### EXERCISE AIM
The reply should consist of the line containing "Standort und Bau" and all lines after it in the listing below, reproduced exactly and nothing more.

### RECORDS SUPPLIED

┏━━

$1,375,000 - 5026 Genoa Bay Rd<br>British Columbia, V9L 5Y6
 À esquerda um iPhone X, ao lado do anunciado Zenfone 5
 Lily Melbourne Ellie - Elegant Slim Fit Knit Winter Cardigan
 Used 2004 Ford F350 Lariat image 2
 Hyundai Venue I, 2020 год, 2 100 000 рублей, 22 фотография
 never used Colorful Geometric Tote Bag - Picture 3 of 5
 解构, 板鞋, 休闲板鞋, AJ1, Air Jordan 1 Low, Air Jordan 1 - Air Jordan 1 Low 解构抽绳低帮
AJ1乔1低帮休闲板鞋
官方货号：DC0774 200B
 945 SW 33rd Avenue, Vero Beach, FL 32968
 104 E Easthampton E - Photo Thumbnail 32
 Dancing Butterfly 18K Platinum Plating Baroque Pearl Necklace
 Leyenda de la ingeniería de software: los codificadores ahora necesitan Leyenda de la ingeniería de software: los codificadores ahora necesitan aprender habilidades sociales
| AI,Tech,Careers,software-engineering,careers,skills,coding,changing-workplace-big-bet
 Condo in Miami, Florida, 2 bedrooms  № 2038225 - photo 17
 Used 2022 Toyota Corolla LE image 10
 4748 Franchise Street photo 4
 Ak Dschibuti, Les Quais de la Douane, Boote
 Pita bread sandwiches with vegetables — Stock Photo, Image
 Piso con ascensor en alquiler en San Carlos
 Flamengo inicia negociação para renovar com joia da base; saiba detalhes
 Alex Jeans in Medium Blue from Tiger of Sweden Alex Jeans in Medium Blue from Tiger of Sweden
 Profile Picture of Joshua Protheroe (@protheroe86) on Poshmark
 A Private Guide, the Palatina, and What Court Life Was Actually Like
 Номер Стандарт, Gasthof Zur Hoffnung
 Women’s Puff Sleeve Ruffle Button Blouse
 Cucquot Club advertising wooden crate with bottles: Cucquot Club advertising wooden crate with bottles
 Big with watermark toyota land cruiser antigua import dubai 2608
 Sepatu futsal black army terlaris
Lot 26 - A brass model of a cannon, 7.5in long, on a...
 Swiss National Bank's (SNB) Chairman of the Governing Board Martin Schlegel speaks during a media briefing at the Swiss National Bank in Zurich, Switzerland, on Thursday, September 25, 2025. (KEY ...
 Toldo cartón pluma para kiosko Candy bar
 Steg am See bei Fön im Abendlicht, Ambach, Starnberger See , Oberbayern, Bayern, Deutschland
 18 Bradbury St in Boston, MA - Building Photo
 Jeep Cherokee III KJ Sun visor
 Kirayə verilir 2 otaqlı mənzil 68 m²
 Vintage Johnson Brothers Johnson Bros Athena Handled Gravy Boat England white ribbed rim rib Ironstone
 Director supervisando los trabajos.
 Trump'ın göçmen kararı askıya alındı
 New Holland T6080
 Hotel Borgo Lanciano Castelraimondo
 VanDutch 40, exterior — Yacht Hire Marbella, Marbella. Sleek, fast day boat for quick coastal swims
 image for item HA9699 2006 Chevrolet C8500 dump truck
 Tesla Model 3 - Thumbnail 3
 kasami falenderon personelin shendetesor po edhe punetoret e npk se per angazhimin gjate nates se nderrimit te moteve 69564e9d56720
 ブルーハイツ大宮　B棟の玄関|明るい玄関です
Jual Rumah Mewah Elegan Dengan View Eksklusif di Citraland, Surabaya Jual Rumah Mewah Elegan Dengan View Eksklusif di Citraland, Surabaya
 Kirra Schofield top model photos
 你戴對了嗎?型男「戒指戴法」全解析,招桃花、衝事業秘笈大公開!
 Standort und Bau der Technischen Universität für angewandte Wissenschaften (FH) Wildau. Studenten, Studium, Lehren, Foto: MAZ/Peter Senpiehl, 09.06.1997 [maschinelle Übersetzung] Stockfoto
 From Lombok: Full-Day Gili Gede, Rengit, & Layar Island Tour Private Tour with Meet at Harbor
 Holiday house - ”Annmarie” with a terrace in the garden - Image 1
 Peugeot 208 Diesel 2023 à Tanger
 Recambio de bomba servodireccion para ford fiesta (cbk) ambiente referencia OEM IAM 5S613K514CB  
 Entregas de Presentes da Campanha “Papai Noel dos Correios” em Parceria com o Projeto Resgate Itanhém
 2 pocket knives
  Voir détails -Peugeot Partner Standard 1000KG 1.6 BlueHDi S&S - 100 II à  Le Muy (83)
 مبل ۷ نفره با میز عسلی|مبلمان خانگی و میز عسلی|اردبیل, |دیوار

┗━━

### EXERCISE OUTPUT
 Standort und Bau der Technischen Universität für angewandte Wissenschaften (FH) Wildau. Studenten, Studium, Lehren, Foto: MAZ/Peter Senpiehl, 09.06.1997 [maschinelle Übersetzung] Stockfoto
 From Lombok: Full-Day Gili Gede, Rengit, & Layar Island Tour Private Tour with Meet at Harbor
 Holiday house - ”Annmarie” with a terrace in the garden - Image 1
 Peugeot 208 Diesel 2023 à Tanger
 Recambio de bomba servodireccion para ford fiesta (cbk) ambiente referencia OEM IAM 5S613K514CB  
 Entregas de Presentes da Campanha “Papai Noel dos Correios” em Parceria com o Projeto Resgate Itanhém
 2 pocket knives
  Voir détails -Peugeot Partner Standard 1000KG 1.6 BlueHDi S&S - 100 II à  Le Muy (83)
 مبل ۷ نفره با میز عسلی|مبلمان خانگی و میز عسلی|اردبیل, |دیوار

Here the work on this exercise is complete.